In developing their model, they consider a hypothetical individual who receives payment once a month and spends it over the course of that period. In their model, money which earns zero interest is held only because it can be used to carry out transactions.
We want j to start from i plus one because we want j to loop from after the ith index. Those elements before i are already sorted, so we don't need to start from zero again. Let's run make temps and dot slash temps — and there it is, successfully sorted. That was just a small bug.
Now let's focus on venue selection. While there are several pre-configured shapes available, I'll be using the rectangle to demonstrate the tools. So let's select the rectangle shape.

...

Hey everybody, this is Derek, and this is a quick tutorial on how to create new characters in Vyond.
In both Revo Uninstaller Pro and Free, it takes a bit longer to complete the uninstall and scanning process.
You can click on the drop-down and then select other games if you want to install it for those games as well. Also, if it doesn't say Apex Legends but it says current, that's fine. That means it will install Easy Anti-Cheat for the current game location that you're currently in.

Task instructions: Only one stretch of the data above is needed. Restate it word for word, from the line containing "In both Revo" through the line containing "You can click", both ends included.

Task result:
In both Revo Uninstaller Pro and Free, it takes a bit longer to complete the uninstall and scanning process.
You can click on the drop-down and then select other games if you want to install it for those games as well. Also, if it doesn't say Apex Legends but it says current, that's fine. That means it will install Easy Anti-Cheat for the current game location that you're currently in.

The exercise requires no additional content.